• _WHAT YOU ARE ASKED TO DO_: If a picture appears among the records, leave it out and set down everything else exactly as it stands.

==== TASK MATERIAL

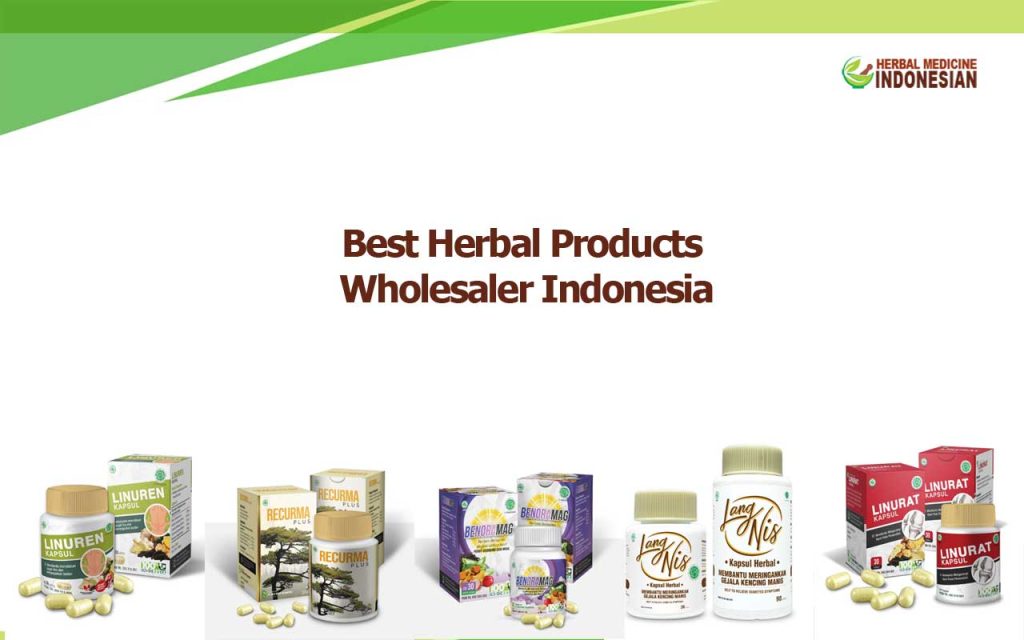 Best Herbal Products Wholesaler Indonesia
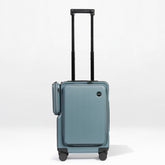 Front-Open 21" Cabin Luggage with detachable bag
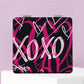 Mirroray - Y2K Graffiti Print Folding Makeup Mirror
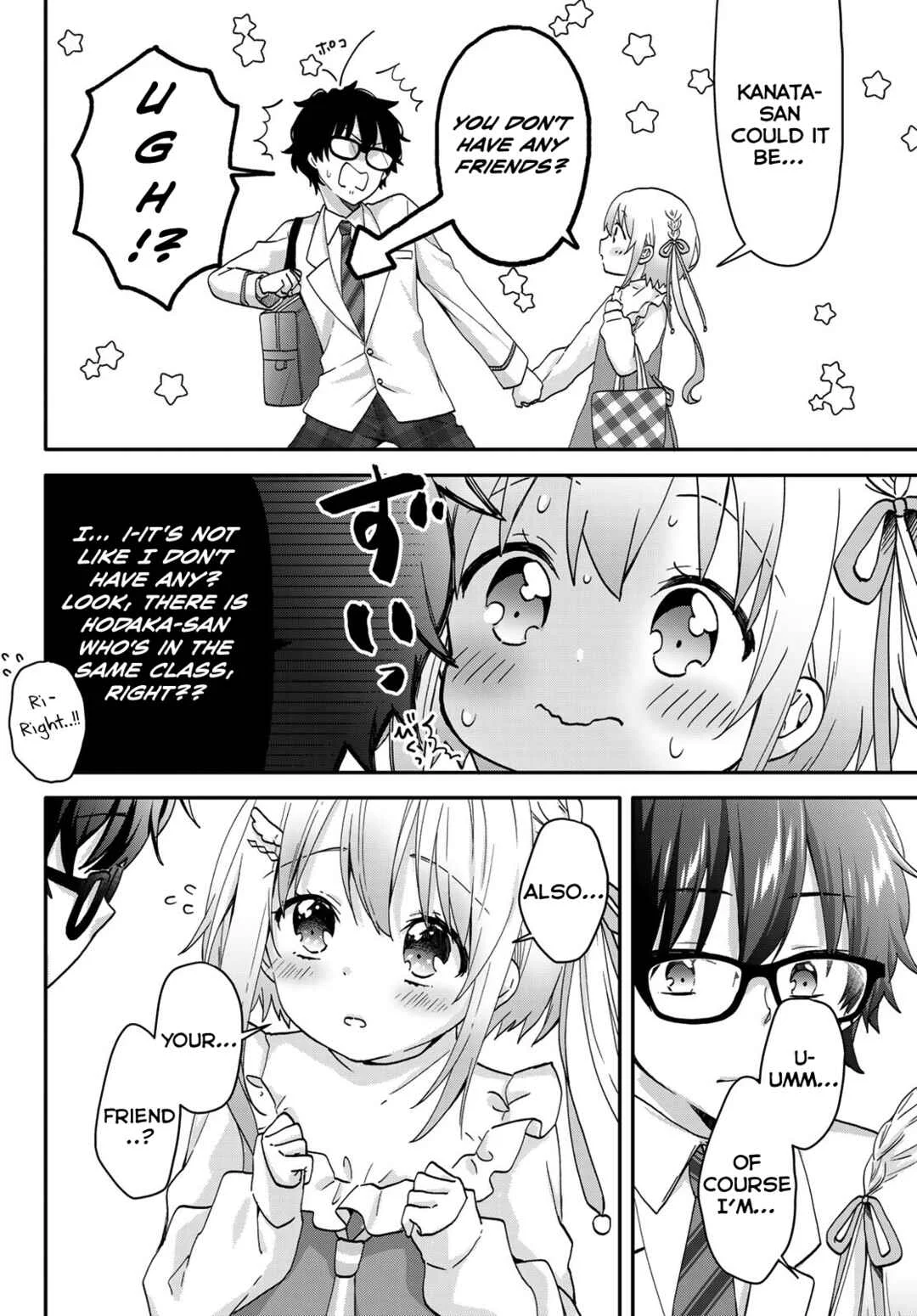 Chiisana Kimi to, Koe wo Tooku ni Chapter 4: Private Lessons 3 - Page 10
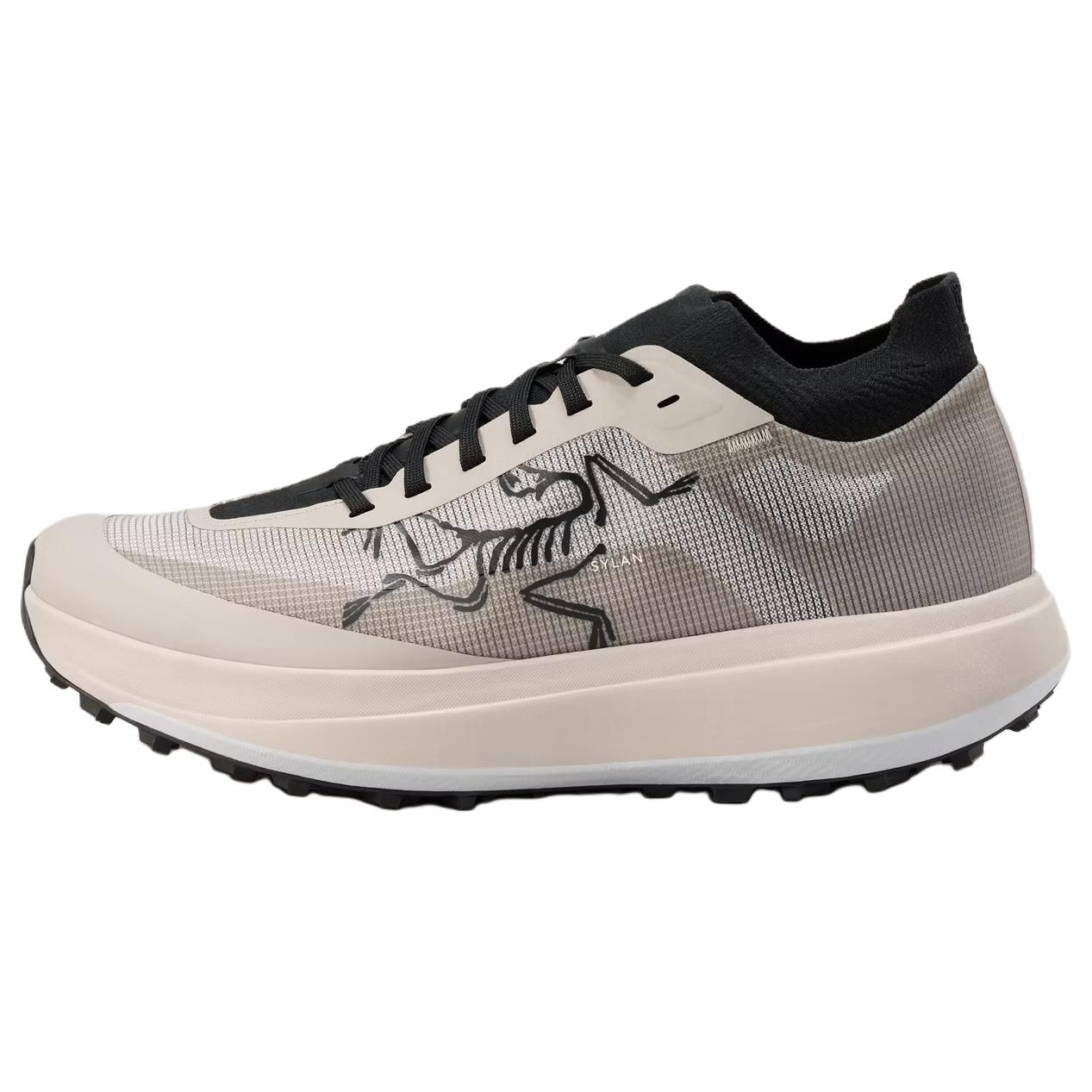 

Arcteryx Кроссовки для бега по пересеченной местности SYLAN PRO с противоскользящей, дышащей, легкой подошвой, бежево-серые, мужские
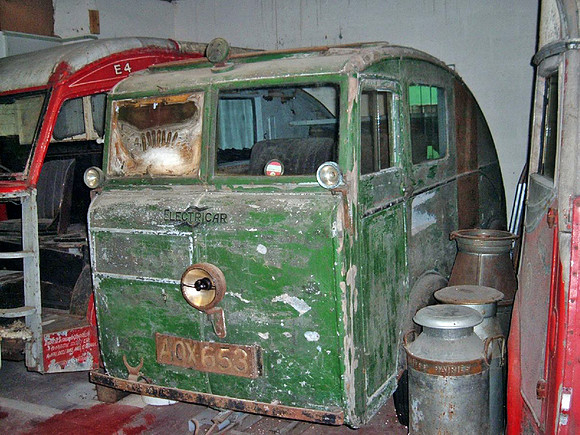 1935 Electricars AOX653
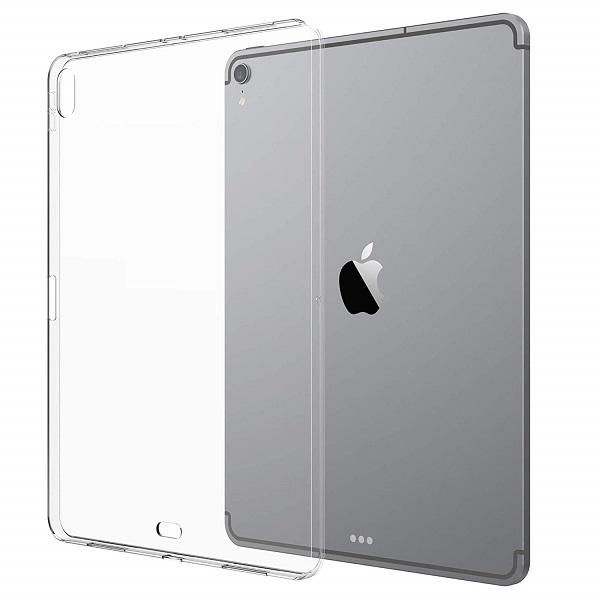 Luvvitt クラリティソフトカバーケース For 18 Ipad Pro 12 9インチ Apple Pencil 充電対応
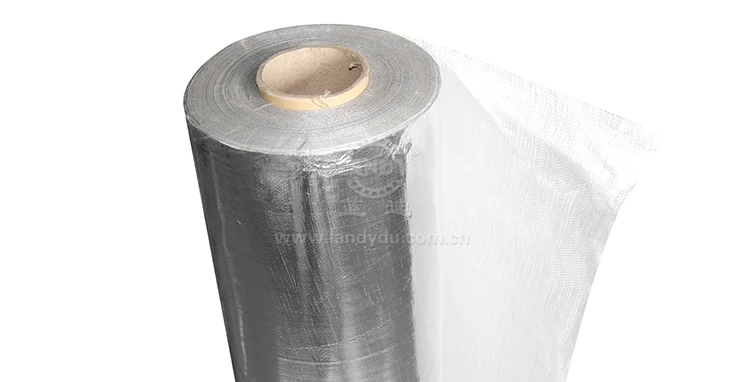 Aislamiento De Techo De Lámina De Aluminio Con Barrera Radiante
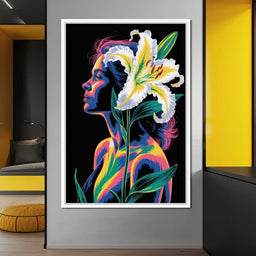 The Light Within Her - TooplesArt - NicheCanvas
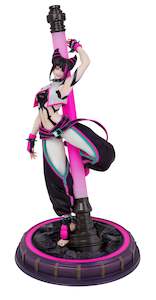 Toy: Street Fighter 6 Juri | Capcom Figure Builder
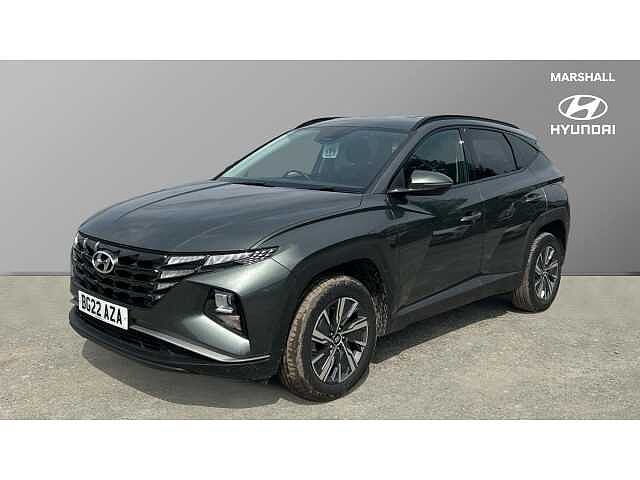 Hyundai Tucson TUCSON 1.6 TGDi Hybrid 230 SE Connect 5dr 2WD Auto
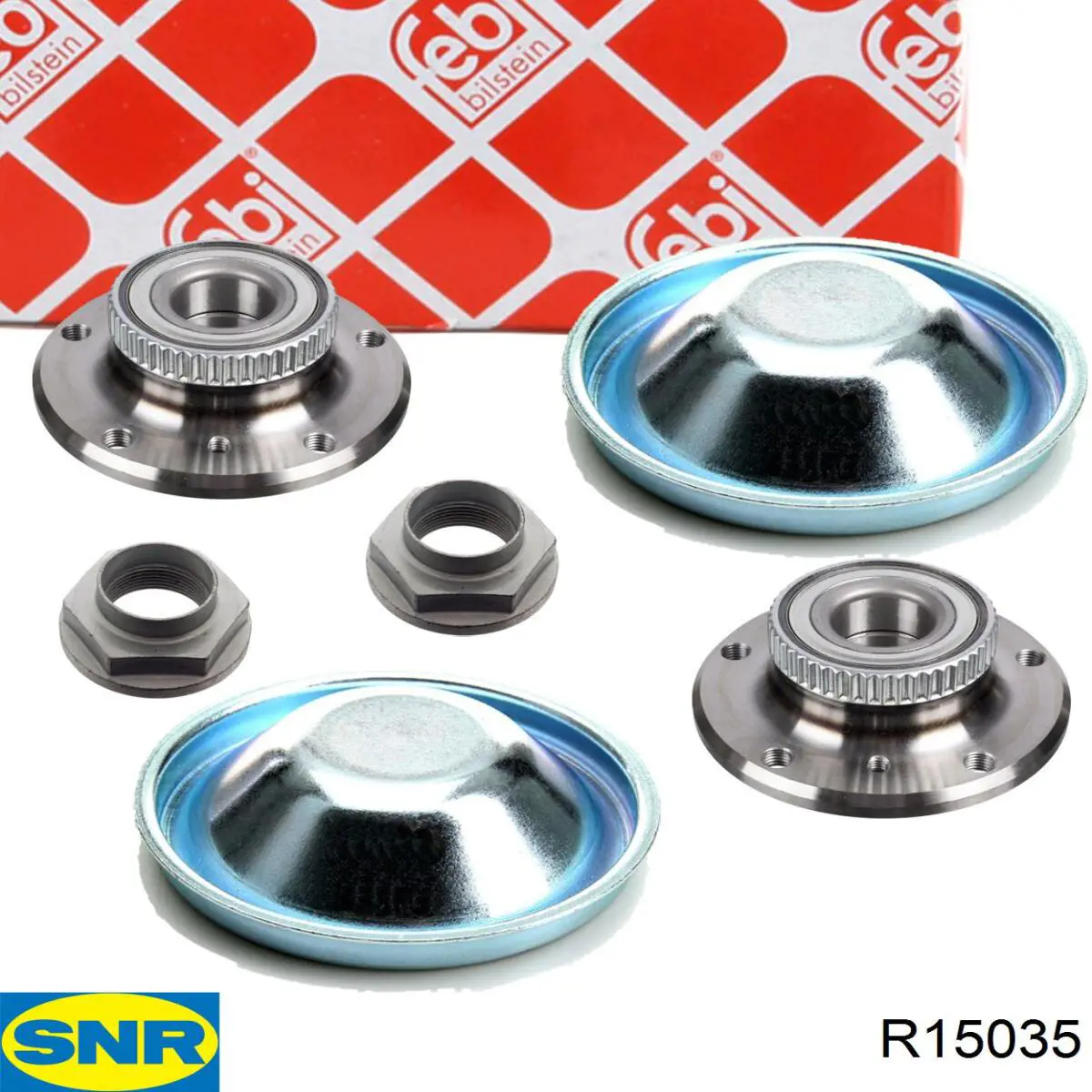 Buje de rueda SNR R15035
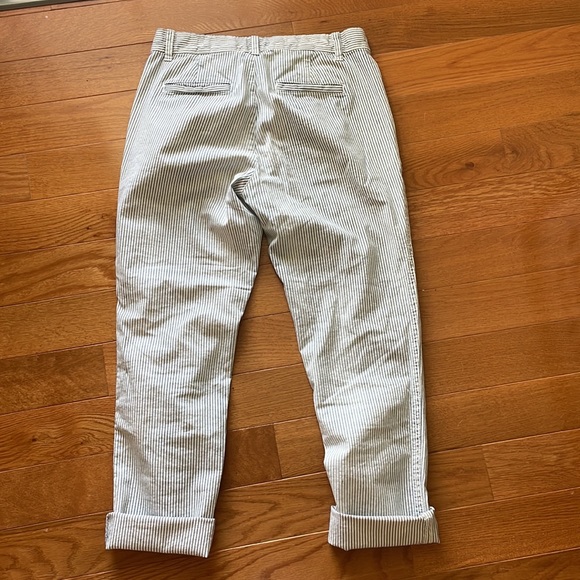 GAP hickory stripped Girlfriend Chino - Picture 4 of 6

========

• _RESULT OF THIS EXERCISE_:
 Best Herbal Products Wholesaler Indonesia
 Front-Open 21" Cabin Luggage with detachable bag
 Mirroray - Y2K Graffiti Print Folding Makeup Mirror
 Chiisana Kimi to, Koe wo Tooku ni Chapter 4: Private Lessons 3 - Page 10

Arcteryx Кроссовки для бега по пересеченной местности SYLAN PRO с противоскользящей, дышащей, легкой подошвой, бежево-серые, мужские
 1935 Electricars AOX653
 Luvvitt クラリティソフトカバーケース For 18 Ipad Pro 12 9インチ Apple Pencil 充電対応
 Aislamiento De Techo De Lámina De Aluminio Con Barrera Radiante
 The Light Within Her - TooplesArt - NicheCanvas
 Toy: Street Fighter 6 Juri | Capcom Figure Builder
 Hyundai Tucson TUCSON 1.6 TGDi Hybrid 230 SE Connect 5dr 2WD Auto
 Buje de rueda SNR R15035
 GAP hickory stripped Girlfriend Chino - Picture 4 of 6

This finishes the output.